Friday, June 15, 2012

LAFF ’12: FOUR


His name is June, but unlike Johnny Cash’s Boy Named Sue, he is more sullen than angry.  He is also sexually conflicted (no kidding).  At least he has found someone willing to listen to him: a middle-aged middle class husband and father who should not be trawling for teens on the internet.  They constitute one of the two couples circling around each other on a fateful Fourth of July night in Joshua Sanchez’s FOUR (trailer here), which screens today at the 2012 Los Angeles Film Festival.

Joe really ought to be at home with his emotionally deteriorating wife, but instead he has arranged a clandestine rendezvous with the teenaged June.  Pretending to be at an out-of-town conference, he has left his daughter Abigayle to mind her mother.  More or less home alone, she will have to field the clumsy advances of Dexter, a would-be basketball star with a drug problem.  Suspecting something is fishy with her upright father, Abigayle starts encouraging Dexter out of spite.  Connections might be made, but the results are not what you would probably call romance.

Frankly, there is something creepy about a film that considers a grown man sexually pursuing a teenager (not of legal age) sympathetic in any fashion.  Indeed, June and Joe’s “courtship” scenes are criminal (according to Joe, the character) and most certainly unsavory.  Yet ironically, Wendell Pierce’s admittedly richly nuanced and fully dimensional performance as the older man makes it all the more difficult to draw a bead on the film’s ethical-moral framework.

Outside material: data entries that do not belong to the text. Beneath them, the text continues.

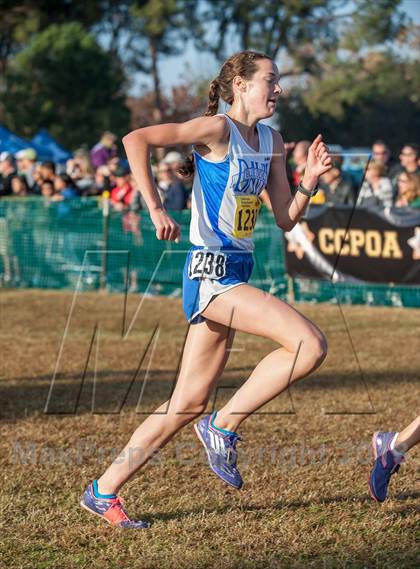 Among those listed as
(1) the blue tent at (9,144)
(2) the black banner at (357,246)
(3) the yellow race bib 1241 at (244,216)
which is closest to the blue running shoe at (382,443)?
(3) the yellow race bib 1241 at (244,216)

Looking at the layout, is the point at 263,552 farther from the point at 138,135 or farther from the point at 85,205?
the point at 85,205

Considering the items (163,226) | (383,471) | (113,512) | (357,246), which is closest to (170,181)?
(357,246)

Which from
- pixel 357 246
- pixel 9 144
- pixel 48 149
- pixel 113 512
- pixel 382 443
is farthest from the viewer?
pixel 48 149

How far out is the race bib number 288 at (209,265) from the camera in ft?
14.0

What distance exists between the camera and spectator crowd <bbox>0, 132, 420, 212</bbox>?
12.7 meters

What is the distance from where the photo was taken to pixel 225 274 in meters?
4.29

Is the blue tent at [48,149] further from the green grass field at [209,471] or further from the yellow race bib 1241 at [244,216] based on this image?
the yellow race bib 1241 at [244,216]

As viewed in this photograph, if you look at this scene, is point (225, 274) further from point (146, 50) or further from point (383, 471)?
point (146, 50)

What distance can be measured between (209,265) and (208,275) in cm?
4

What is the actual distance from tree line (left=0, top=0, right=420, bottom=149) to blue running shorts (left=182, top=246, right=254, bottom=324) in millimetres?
36521

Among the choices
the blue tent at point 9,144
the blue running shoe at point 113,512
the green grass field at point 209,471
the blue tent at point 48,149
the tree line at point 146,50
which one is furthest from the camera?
the tree line at point 146,50

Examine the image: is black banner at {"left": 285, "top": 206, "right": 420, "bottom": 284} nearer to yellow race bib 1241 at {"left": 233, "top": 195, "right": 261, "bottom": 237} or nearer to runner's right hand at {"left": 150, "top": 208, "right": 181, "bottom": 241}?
yellow race bib 1241 at {"left": 233, "top": 195, "right": 261, "bottom": 237}

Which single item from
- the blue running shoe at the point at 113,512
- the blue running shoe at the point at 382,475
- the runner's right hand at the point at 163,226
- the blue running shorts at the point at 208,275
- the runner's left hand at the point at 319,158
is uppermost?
the runner's left hand at the point at 319,158

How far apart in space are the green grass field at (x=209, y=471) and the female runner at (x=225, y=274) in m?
0.28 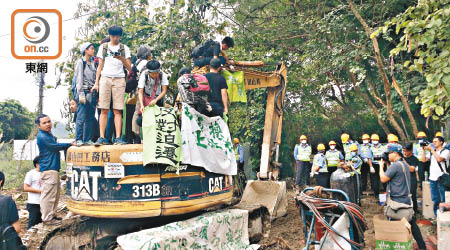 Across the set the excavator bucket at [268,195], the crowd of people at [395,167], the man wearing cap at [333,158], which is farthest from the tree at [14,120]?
the man wearing cap at [333,158]

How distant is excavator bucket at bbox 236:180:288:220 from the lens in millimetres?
8617

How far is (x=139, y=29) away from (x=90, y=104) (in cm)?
429

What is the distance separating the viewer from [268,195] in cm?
885

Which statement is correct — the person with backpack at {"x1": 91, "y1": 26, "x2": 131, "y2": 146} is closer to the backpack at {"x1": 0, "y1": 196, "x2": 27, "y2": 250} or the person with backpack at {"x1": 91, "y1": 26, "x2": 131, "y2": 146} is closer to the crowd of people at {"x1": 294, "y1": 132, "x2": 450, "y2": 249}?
the backpack at {"x1": 0, "y1": 196, "x2": 27, "y2": 250}

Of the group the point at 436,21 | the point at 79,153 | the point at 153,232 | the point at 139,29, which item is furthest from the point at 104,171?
the point at 139,29

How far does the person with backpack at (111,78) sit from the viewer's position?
17.5ft

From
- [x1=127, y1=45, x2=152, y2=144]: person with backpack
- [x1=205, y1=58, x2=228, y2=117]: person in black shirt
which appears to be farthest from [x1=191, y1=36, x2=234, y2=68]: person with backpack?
[x1=127, y1=45, x2=152, y2=144]: person with backpack

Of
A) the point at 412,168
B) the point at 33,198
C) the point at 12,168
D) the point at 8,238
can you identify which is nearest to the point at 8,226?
the point at 8,238

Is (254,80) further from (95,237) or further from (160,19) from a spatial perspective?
(95,237)

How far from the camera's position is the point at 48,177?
5.54m

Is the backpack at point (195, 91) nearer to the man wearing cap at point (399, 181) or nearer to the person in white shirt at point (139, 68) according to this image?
the person in white shirt at point (139, 68)

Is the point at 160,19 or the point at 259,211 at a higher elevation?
the point at 160,19

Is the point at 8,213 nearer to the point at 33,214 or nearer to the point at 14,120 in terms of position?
the point at 33,214

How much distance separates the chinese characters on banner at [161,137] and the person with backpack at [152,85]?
14.6 inches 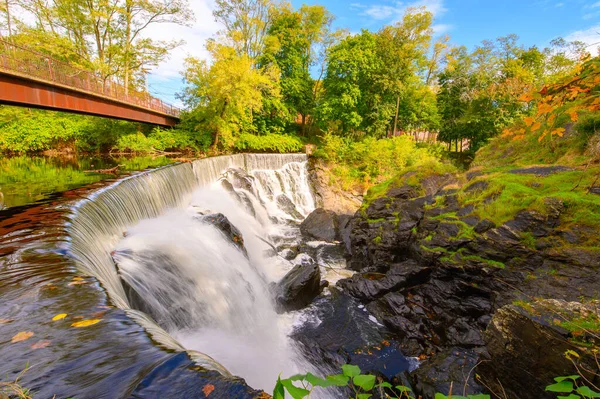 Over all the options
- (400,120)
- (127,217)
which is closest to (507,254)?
(127,217)

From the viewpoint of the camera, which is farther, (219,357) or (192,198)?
(192,198)

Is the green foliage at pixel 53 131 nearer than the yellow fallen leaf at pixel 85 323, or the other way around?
the yellow fallen leaf at pixel 85 323

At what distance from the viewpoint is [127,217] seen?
275 inches

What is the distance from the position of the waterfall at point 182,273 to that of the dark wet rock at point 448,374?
90.4 inches

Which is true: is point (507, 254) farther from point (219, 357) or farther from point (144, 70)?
point (144, 70)

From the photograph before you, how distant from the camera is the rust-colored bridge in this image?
9703 millimetres

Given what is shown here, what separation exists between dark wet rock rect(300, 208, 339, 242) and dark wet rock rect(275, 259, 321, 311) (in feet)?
16.5

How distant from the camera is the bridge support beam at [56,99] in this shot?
384 inches

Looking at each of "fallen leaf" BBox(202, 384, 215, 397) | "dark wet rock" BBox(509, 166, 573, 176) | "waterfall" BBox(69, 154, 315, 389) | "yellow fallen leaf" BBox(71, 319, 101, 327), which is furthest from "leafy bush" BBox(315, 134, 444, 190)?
"fallen leaf" BBox(202, 384, 215, 397)

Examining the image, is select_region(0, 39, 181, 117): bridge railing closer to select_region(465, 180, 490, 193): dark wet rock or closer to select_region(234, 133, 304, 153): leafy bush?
select_region(234, 133, 304, 153): leafy bush

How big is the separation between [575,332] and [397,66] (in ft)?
82.4

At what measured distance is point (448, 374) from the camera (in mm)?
4785

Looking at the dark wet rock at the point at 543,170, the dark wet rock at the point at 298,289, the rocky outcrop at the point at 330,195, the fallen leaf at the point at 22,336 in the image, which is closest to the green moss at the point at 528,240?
the dark wet rock at the point at 543,170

Pierce and his voice, HBO fixtures in Treme and The Wire, are quite compelling, but the breakout star has to be Aja Naomi King as Abigayle, completely engaging portraying her character’s intelligence as well as her bitter capriciousness.  Unfortunately, both of their potential partners are rather bland screen presences.

Sure to be a special interest to New York theater patrons, FOUR is based on Christopher Shinn’s play and boasts Neil LaBute as one of its executive producers.  Given the film’s interracial pairings, many critics will surely be tempted to compare FOUR to Crash.  It would be a dubious compliment.  At least Sanchez creates a memorable late-night in-the-moment vibe.  A highly problematic film featuring two quite accomplished screen turns, FOUR is not necessarily recommended, but it will likely find an appreciative audience nonetheless when it screens today (6/15) and Monday (6/18) as part of this year’s LA Film Festival.